→ **DIRECTIONS**
Pictures excluded, output the lines of the data below between the one holding "Hailee Steinfeld" and the one holding "Ayasandra Hotel", inclusive, exactly as they stand.

** STORED DATA follows **

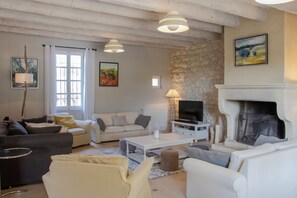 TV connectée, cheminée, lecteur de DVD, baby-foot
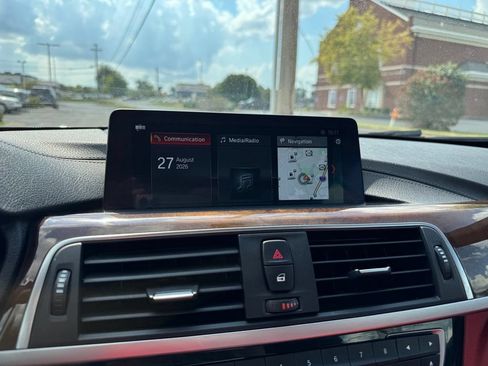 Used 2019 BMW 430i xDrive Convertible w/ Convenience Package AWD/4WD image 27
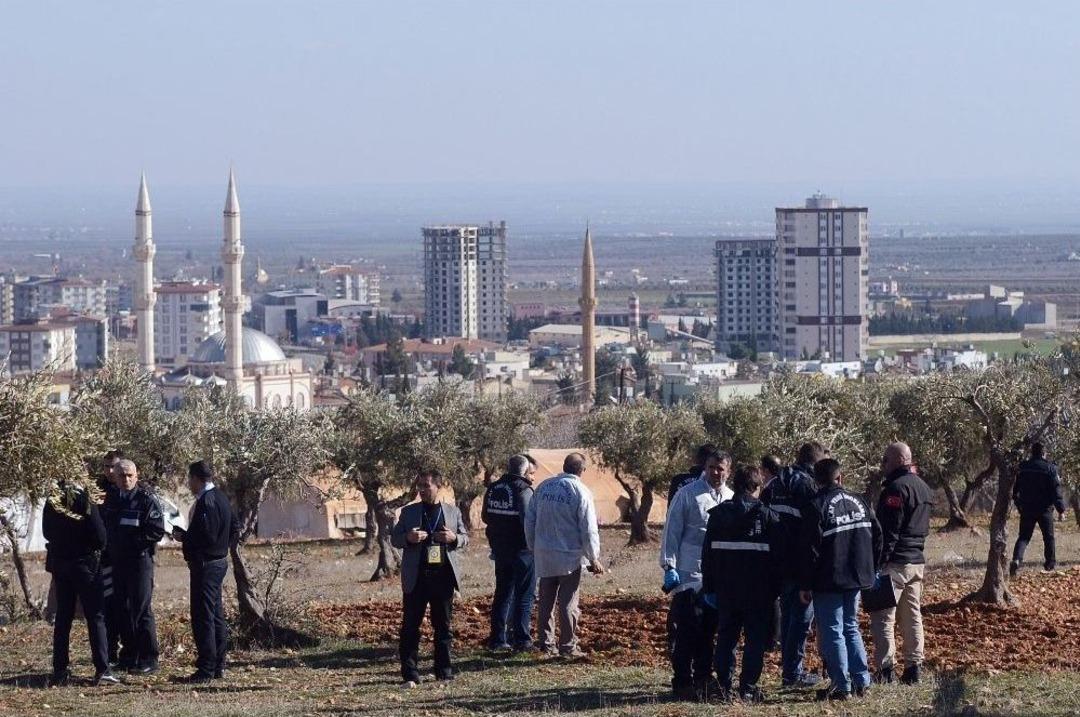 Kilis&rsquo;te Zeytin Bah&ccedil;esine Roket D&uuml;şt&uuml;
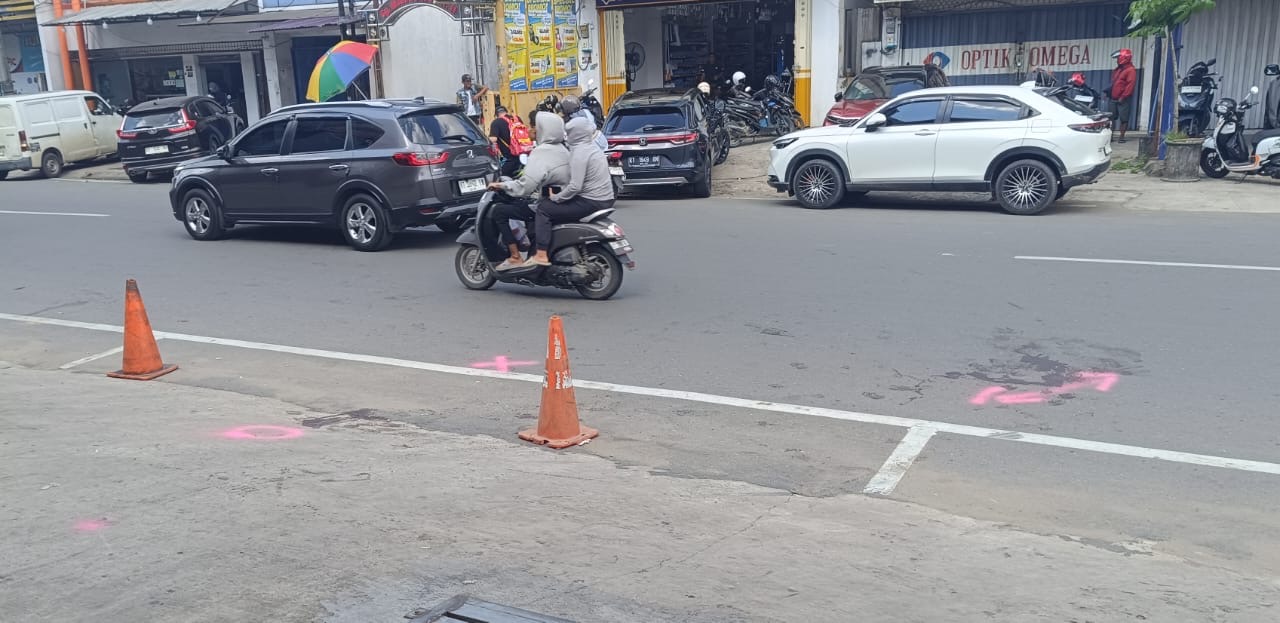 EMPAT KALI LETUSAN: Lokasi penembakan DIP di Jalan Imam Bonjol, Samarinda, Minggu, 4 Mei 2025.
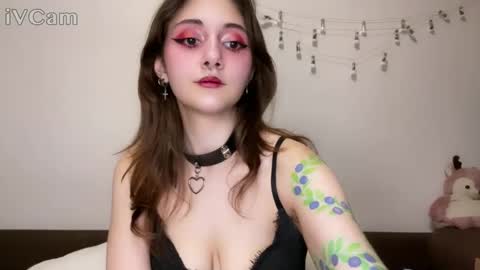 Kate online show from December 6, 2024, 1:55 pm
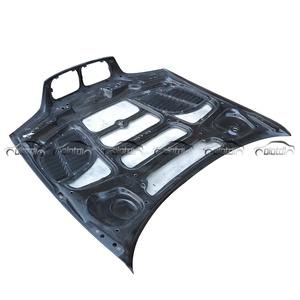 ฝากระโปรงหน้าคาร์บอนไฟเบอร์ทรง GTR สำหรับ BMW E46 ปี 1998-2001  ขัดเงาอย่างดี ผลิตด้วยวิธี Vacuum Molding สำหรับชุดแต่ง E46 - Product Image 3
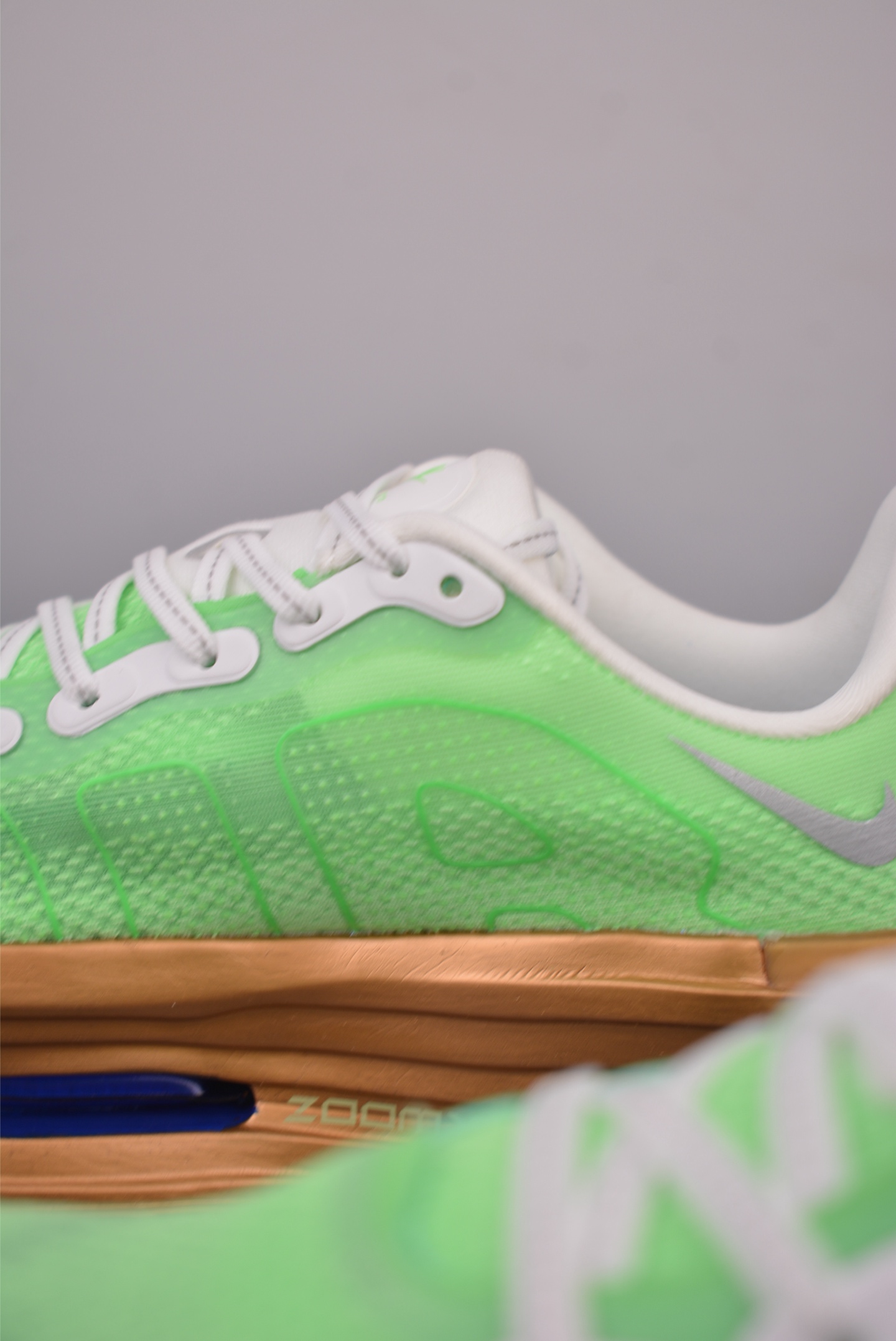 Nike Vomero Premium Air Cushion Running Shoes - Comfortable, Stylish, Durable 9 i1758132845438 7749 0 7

** End of STORED DATA **
** STORED DATA follows **

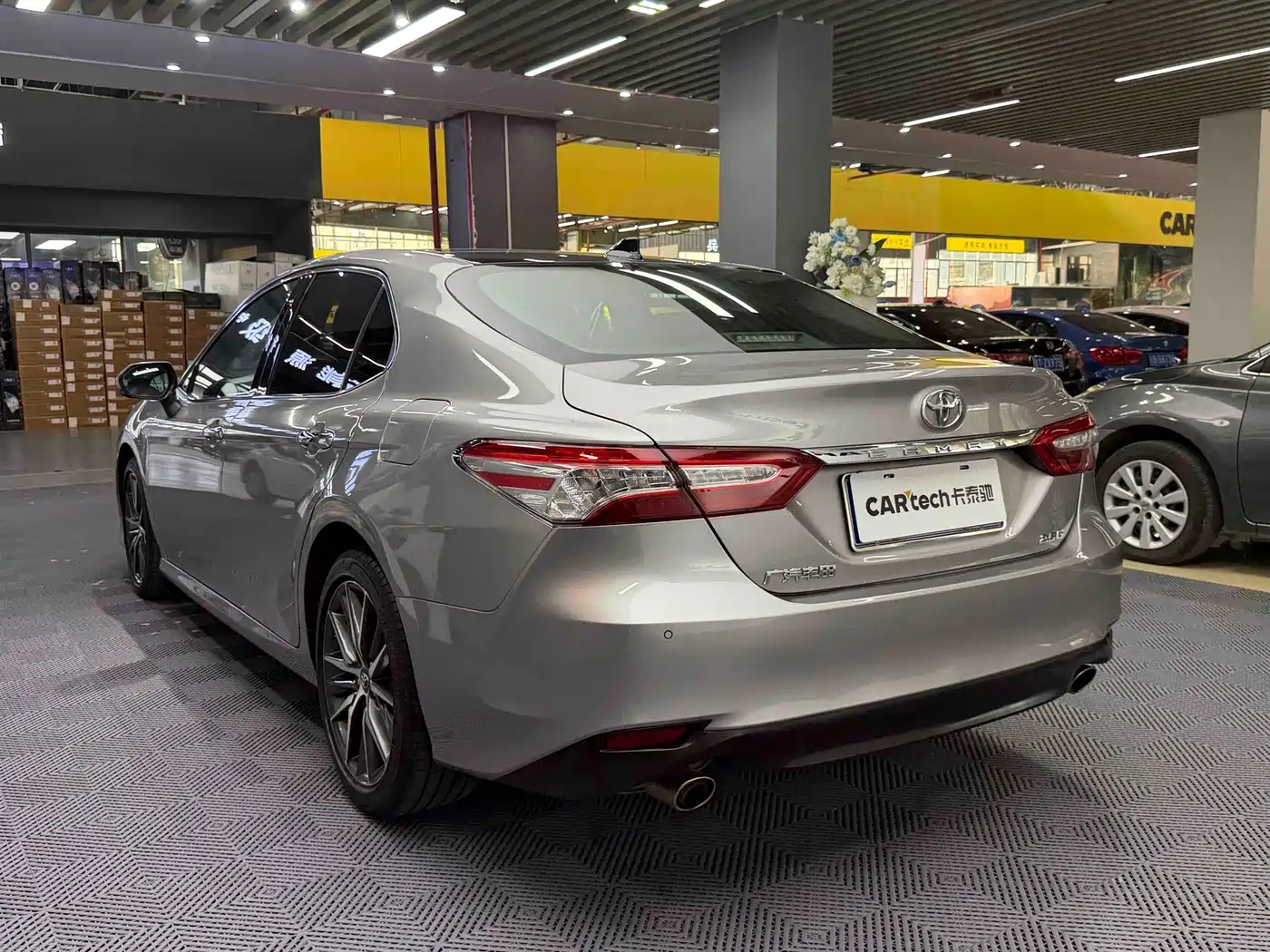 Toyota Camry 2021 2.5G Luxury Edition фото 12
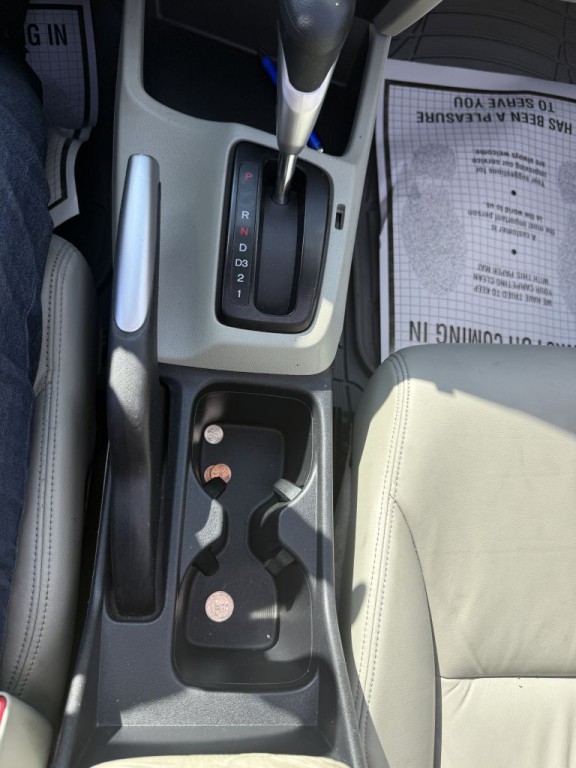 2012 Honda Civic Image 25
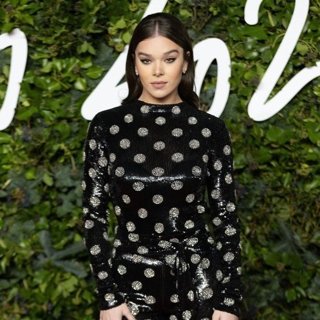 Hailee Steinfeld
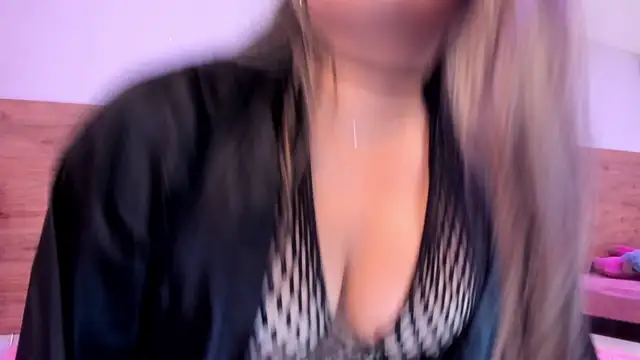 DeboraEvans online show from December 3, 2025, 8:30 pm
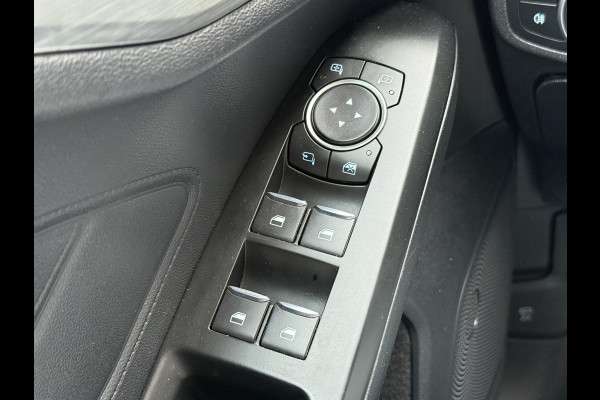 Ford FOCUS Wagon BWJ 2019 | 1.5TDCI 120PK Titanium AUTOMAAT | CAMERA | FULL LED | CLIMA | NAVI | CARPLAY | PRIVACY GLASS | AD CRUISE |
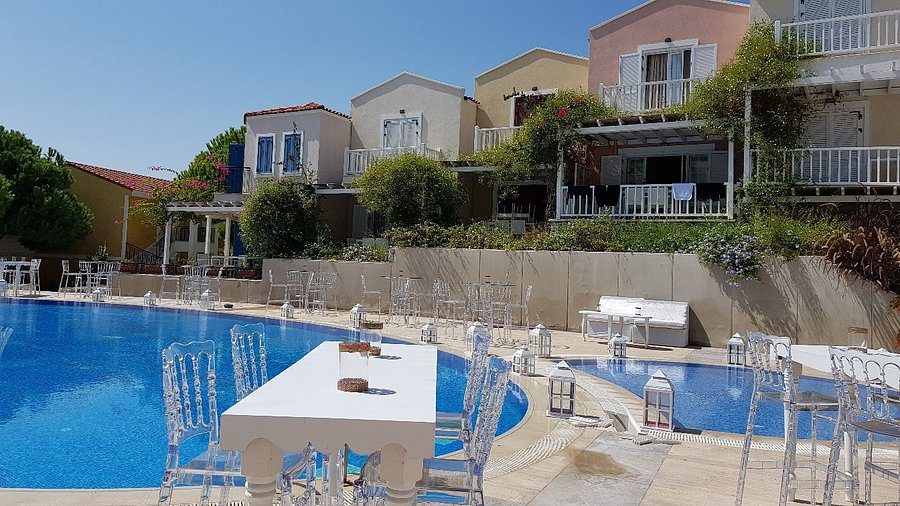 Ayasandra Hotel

** End of STORED DATA **
** STORED DATA follows **

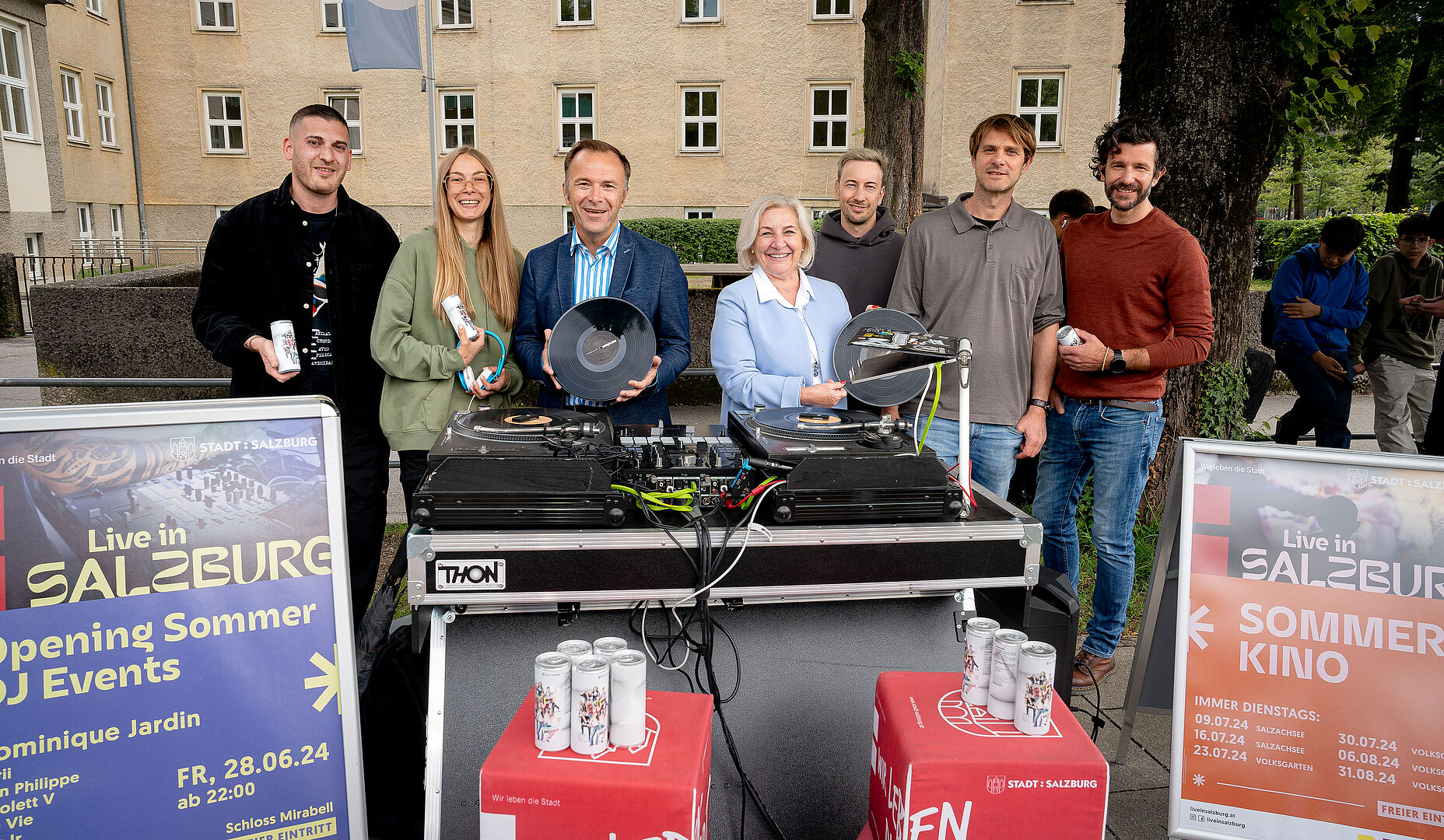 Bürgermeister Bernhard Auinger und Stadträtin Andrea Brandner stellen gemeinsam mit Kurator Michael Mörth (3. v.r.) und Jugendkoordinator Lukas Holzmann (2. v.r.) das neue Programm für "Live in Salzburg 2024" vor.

** End of STORED DATA **

→ **COMPLETED TASK**
 Hailee Steinfeld
 DeboraEvans online show from December 3, 2025, 8:30 pm
 Ford FOCUS Wagon BWJ 2019 | 1.5TDCI 120PK Titanium AUTOMAAT | CAMERA | FULL LED | CLIMA | NAVI | CARPLAY | PRIVACY GLASS | AD CRUISE |
 Ayasandra Hotel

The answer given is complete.